Archive for March, 2005

WAG Chronicles, Part 2

FlwagmAs I mentioned in my previous post about WAG, after our Saturday night feast up in Napa, we felt we had turned out a meal that would stand up well next to the efforts of the kitchen on Sunday evening at The French Laundry. Allow me to state for the record that upon tasting the first bite of Thomas Keller’s signature dish Oysters and Pearls, we all immediately agreed that “we’re not worthy” and that our efforts in the kitchen the night before, while impressive, were part of a different (and lower) culinary plane of existence. Keller truly deserves his place in the pantheon of the world’s greatest chefs.

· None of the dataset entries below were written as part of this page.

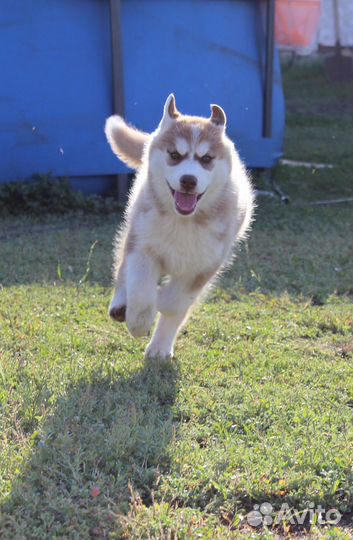 Щенки хаски. Остались две девчонки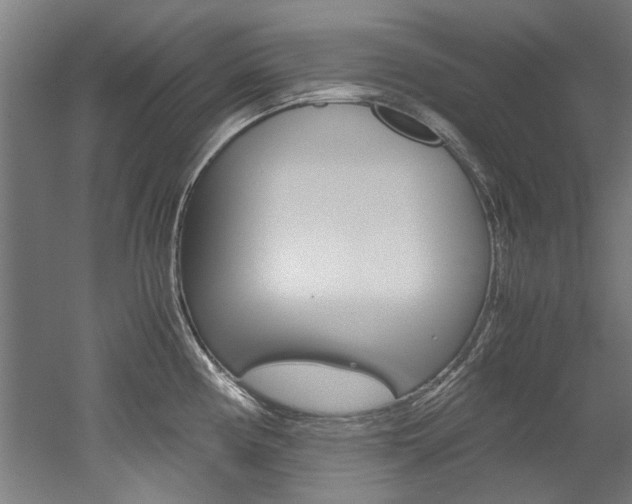 X0000052551194200507010837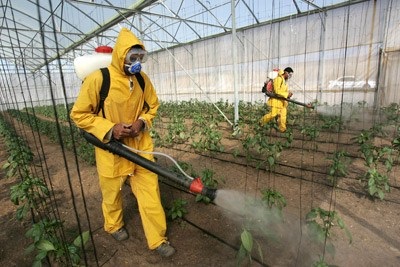 Pesticide - clasificare pe grupe de destinație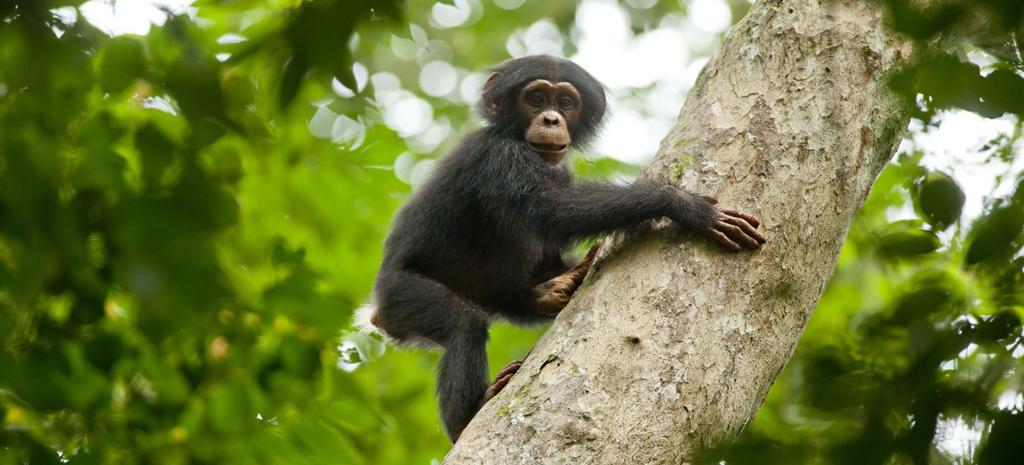Let sgo 3DAYS Chimpanzee Safari DAY ITINERARY ACCOMMODATION MEALS 1 Kampala - Kibale National Park Crater Safari Lodge L,D 2 Kibale National Park /Chimpanzees Crater Safari Lodge B,L,D 3 Kibale -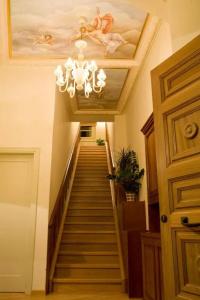 Xenon Inn - 12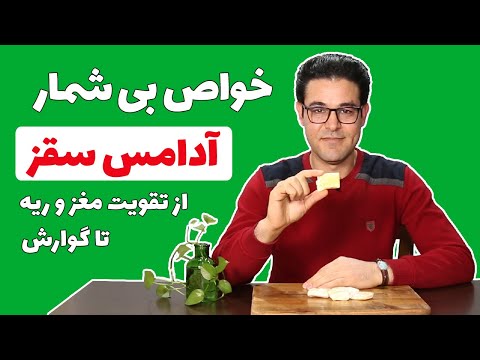 سقز سقز کردستان خواص سقز آدامس سقز تقویت حافظه با سقز درمان خلط پشت حلق با سقز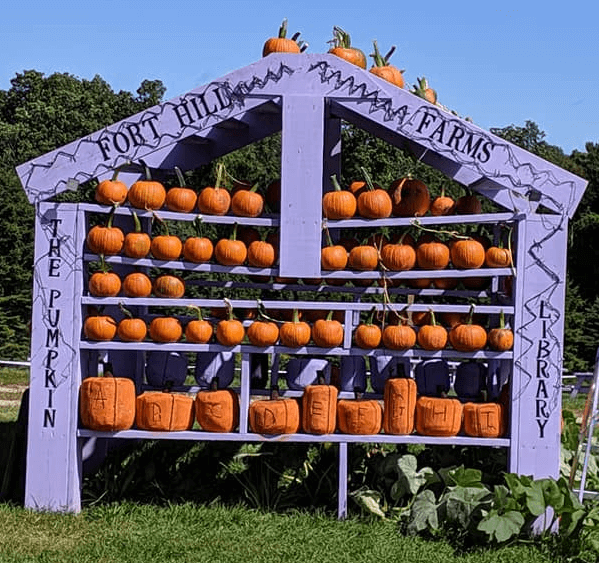 Pumpkin Library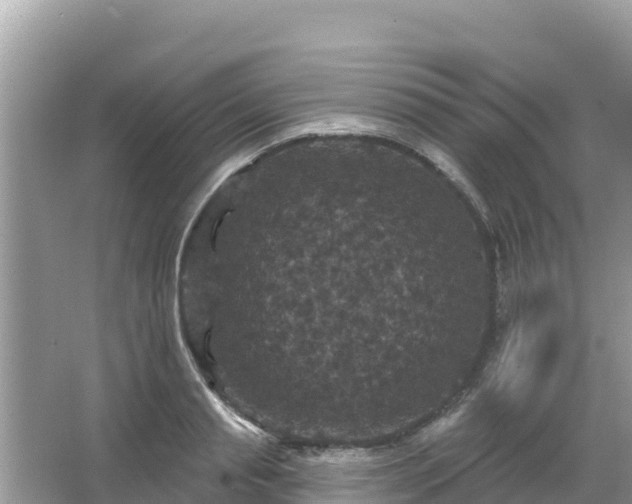 X0000066010845200603101554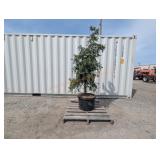 1- Weeping Blue Spruce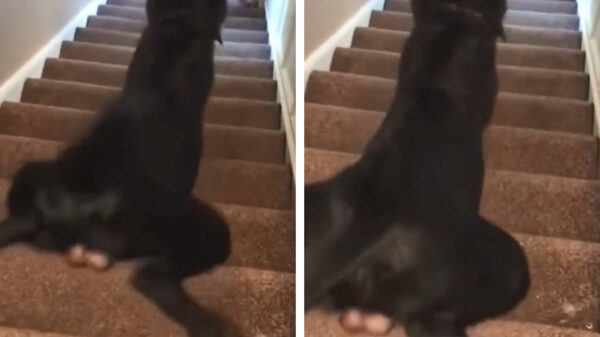 Bonk, bonk! Brutus houdt ervan om de trap te teabaggen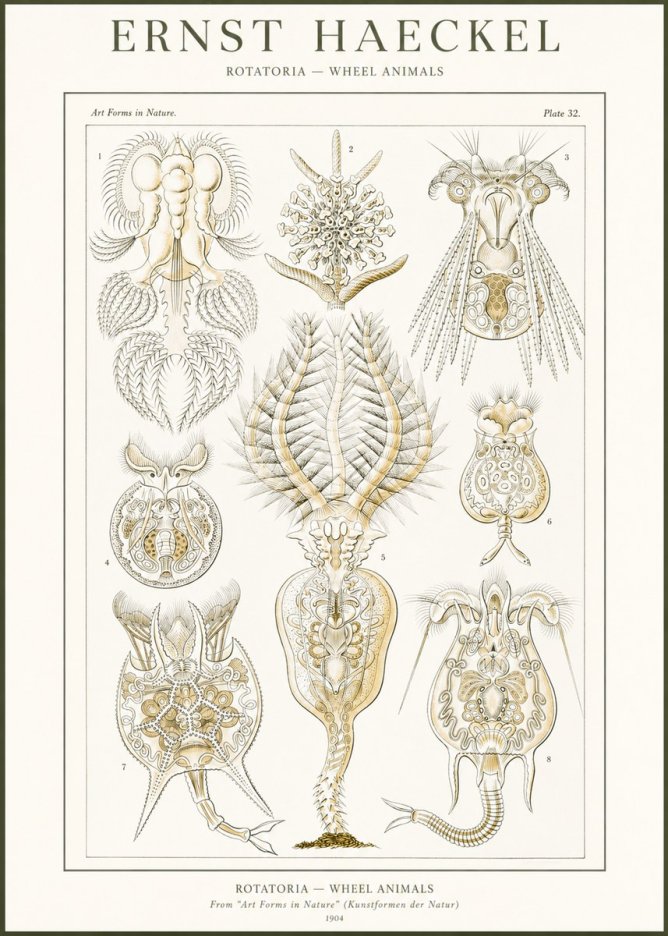 Ernst Haeckel Rotatoria - Wheel Animals No2 - Poszter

I’ve also posted an image of the menu from the evening, which includes the wine pairings. One item that does not appear on the menu is a chestnut agnolotti with celery root cream sauce. My wife Katherine had requested a menu without red meat or poultry, and they served this dish for her in place of the beef course on our menu. We all took a taste of her chestnut-filled pasta and declared it one of the best courses of the evening. Overhearing this, our waiter had the kitchen prepare an extra course and served each of us a plate of the agnolotti. Nice touch.

WAG Chronicles, Part 1

A few weeks ago, Katherine and I spent the weekend up in Napa Valley at our friends Dan and Stephanie’s place along with four other couples for a long weekend to enjoy our quarterly gathering of our wine and gourmet club, known fondly as WAG. WAG has been gathering since we all met while Katherine was getting her MBA at Stanford in 1998. Initially the event started out as a relatively low-key potluck where each couple brought a dish and a bottle of wine. Over the years, the event has snowballed into an over-the-top feast propelled to new heights by epicurean one-upmanship that sometimes borders on gluttony. As William Blake observed, “the road of excess leads to the palace of wisdom.”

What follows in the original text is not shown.